Rainy Days’ small stakes and relative unimportance, though, make it easy to accept into this story universe. It really does feel like a secret chapter of Matchmaker, and I myself would place it somewhere between chapters one and three.
So by that logic, that’s an impressive four fanfictions that all take place in the same story universe. It’s like the author is writing not only their own individual stories, but their own series. Bravo!
But it wouldn’t be a real review if I didn’t find something to complain about just as I’ve praised others. And just like with the good stuff, this story is so short that there isn’t much to work with. The only flaw I can really point out is the same one I did in my last review (see Hit & Run); Scott’s dialogue. As he lists out all the things rain reminds him of, once again, he drones on a bit too long. Even that wouldn’t be such a problem if, again, he didn’t start too many sentences with the same word, this one “of”. So not only does he go on and on without Hope even asking him to, but his listing comes across as repetitive.
Were I in the author’s position, and the scene had to go this direction, it would be remedied a follows; when Scott says that rain reminds him of being a kid, and all the good times he had in it, Hope asks him about them, curious. His story time would play out much the same from there, but without the overuse of the word “of”. That way, the dialogue would come across less repetitive, though maybe a little more clichéd. From there, I would let the story play out much the way it does.
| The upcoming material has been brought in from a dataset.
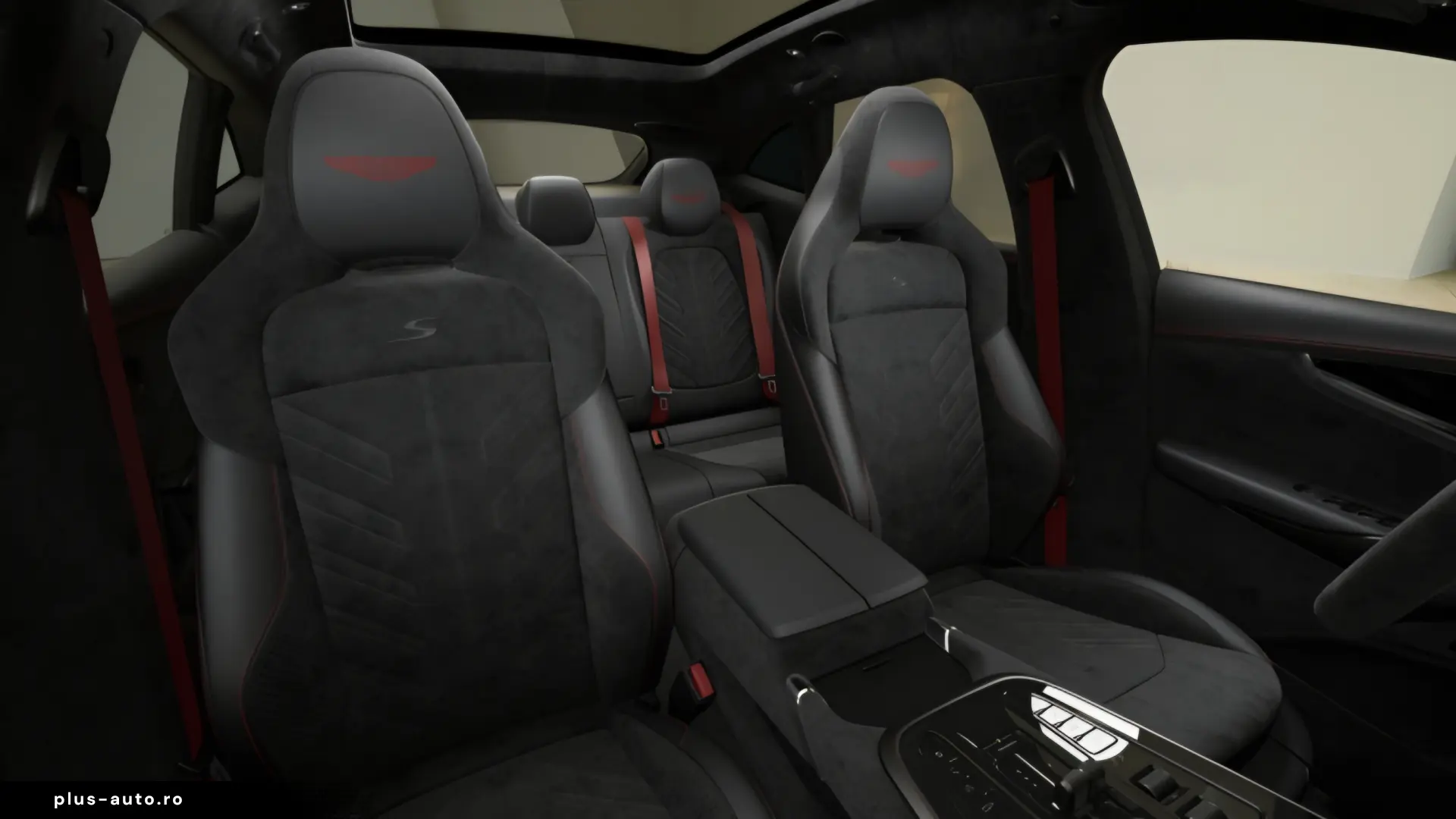 Aston Martin DBX S - MY 2027 - LIVRARE RAPIDA!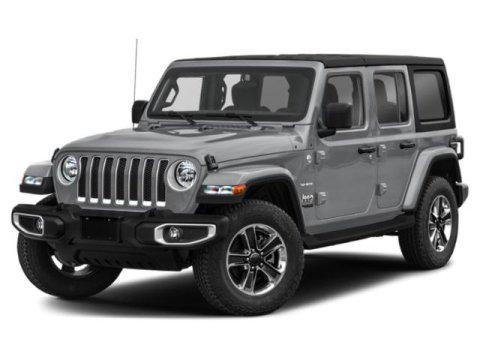 used 2021 Jeep Wrangler Unlimited car, priced at $30,990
Which also means that that’s pretty much all the constructive criticism I can offer. This fanfic may not have the stakes or emotional weight that some of this author’s other works may have, but I don’t really think it’s meant to. As I’ve stated above, it’s just one moment out of many; we’re not meant to be blown away by a powerful act of true love, we’re supposed to be emotionally touched, and then move on. At that, it most certainly succeeds.
The last thing I can really say about this story, as well as all the others, is just how much the author puts of themselves into it. It’s clear that they care very much about this couple, and want to see things work out between them as much as I do in a future Marvel movie. But until then, they’ll just post their own renditions of how it could go, and take care to convey them in loving detail. With all the affectionate wording they invest into it, Rainy Days truly is a sweet nothing from f-romanoff-13 to the shipping of Scott and Hope.
And with that, I believe that’s my last review for this author’s Scott-Hope fanfictions, at least until they strike again. I would love to see more such works from them — heck, I have a few story ideas of my own that I might even send them. But until then, I feel like the only appropriate way to end this little adventure is with a top six list. From worst to best, here’s my ranking for this author’s Scott-Hope fanfics;
At number six is the ultimately tolerable Fault Lines.
Number five, it’s the largely pointless addition, Baby Bumble.
Number four is Rainy Days; low stakes and short, but sweet.
The number three spot belongs to A Very Merry Lang-Van Dyne Christmas, a nice holiday surprise.
Number two; the risk that paid off, Hit & Run.
And at number one… you knew this was coming; Cassie Lang: Matchmaker — the queen who has yet to be dethroned.
To anyone who’s been keeping up with my reviews — especially f-romanoff-13 — I hope you found them interesting or even helpful. For now, this is Mikaelus the Critic signing off.